A recent FT Longitude survey of 200 finance leaders across the US, UK, France, and Germany showed 61 percent have deployed AI agents merely as experiments. Meanwhile, one in four executives admit they do not fully grasp what these agents look like in practice.

Advancing agentic finance AI beyond experiments

Finance departments need governed systems that combine language processing with business logic to deliver actual value.

Providers of Invoice Lifecycle Management platforms are introducing new agents designed to accelerate invoice processing and push accounts payable toward greater autonomy. Recent market solutions use generative AI, deep learning, and natural language processing to manage the entire workflow, from initial data ingestion through to final reconciliation.

These digital teammates handle task execution, allowing human employees to focus on higher-level business planning rather than replacing them entirely.
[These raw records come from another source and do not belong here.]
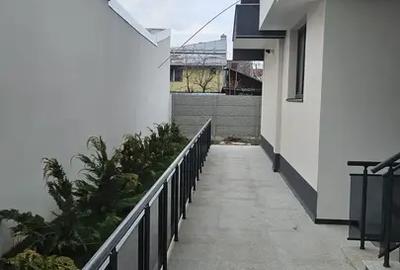 Apartament cu 3 camere în 1 Mai - 9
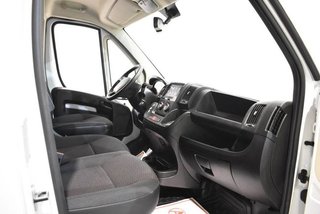 Peugeot e-Boxer FURGÓN 100 % ELÉCTRICA L2H2 37 KWH 122 CV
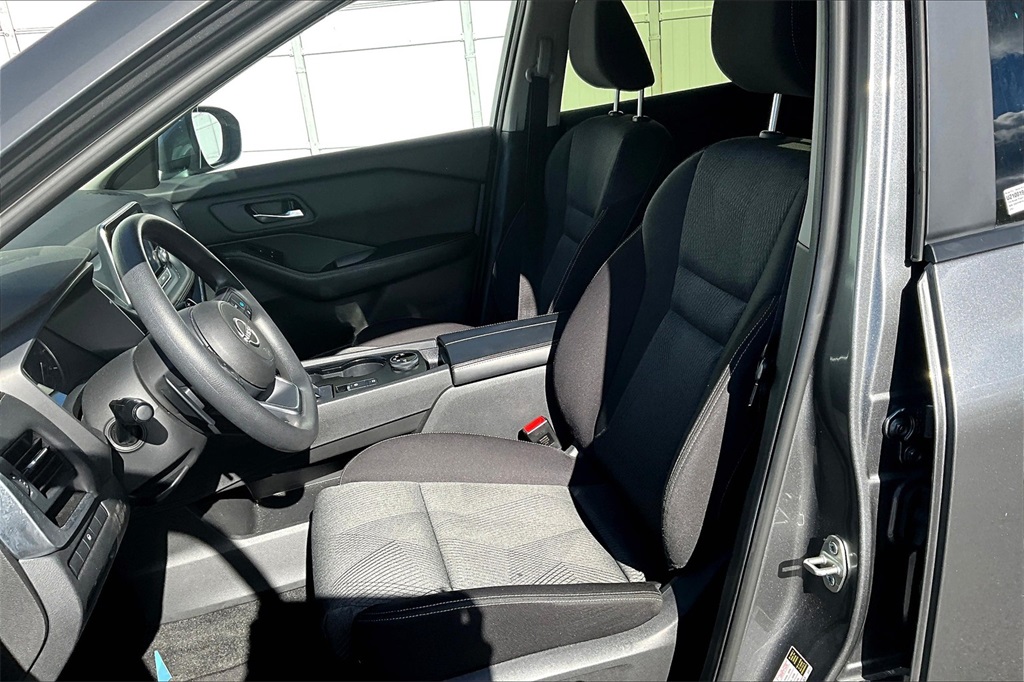 2024 Nissan Rogue SV - Photo 10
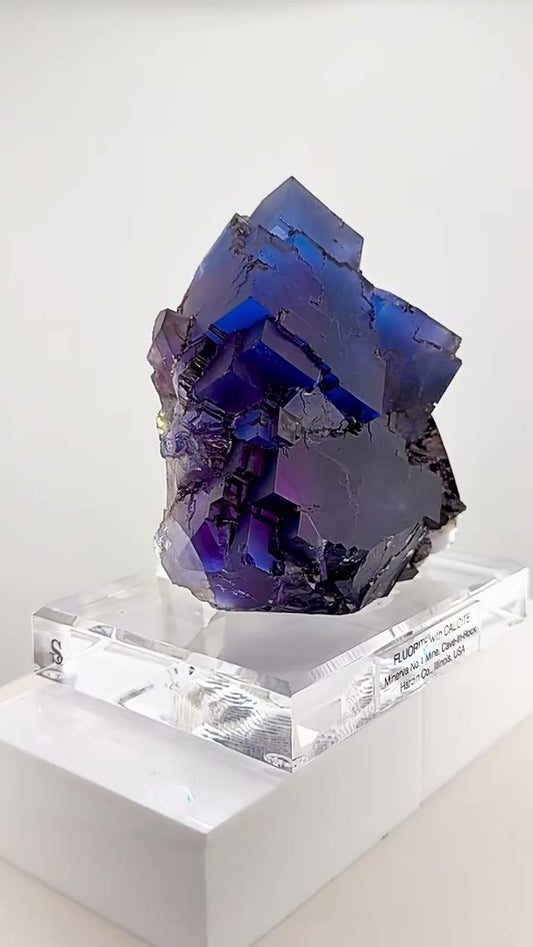 ILLINOIS FLUORITE AT ITS FINEST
Within these ecosystems, specialised business agents provide contextual and real-time guidance regarding the next best actions for handling invoices. Data agents allow staff to query system information using natural language, easily finding answers about awaiting approvals in specific regions or identifying suppliers offering early payment discounts.

Governing autonomous finance workflows

Finance teams will only hand over tasks to agentic AI if they retain control. Finance departments require verifiable audit trails and explainable logic for every action, avoiding networks of disconnected bots.

Industry leaders note that autonomy without trust isn’t acceptable, especially in sensitive industries like finance. Platforms must ensure every AI decision is explainable, auditable, and governed through existing finance controls. This approach helps safely delegate workloads to algorithms while remaining fully compliant and protected.

To enable this trust, every action performed by an AI agent routes through a central policy engine. Before executing any task, the system passes the proposed action through specific autonomy gates that enforce the customer’s business rules, risk thresholds, and compliance requirements. This architecture ensures algorithms manage the bulk of the workload while finance personnel retain total visibility and a complete audit trail.

Building automated procurement operations

Future agentic finance AI capabilities will automate issue resolution and connect data across systems for faster decision-making.

Modern capabilities in 2026 include supplier agents designed to manage invoice disputes and payment queries. These agents will automatically telephone suppliers to explain discrepancies, summarise the conversation, and outline subsequent steps to achieve faster resolutions. Professional agents, meanwhile, will assist clerks in resolving real-time processing questions using natural language to cut manual effort and delays.

AI must operate as an integral business component rather than a bonus feature, requiring intelligent, secure, and ethical application to drive cost efficiencies and enhance operations. By centralising control and ensuring every automated decision from agentic AI passes through established compliance checks, organisations can safely elevate their finance operations to fully autonomous execution.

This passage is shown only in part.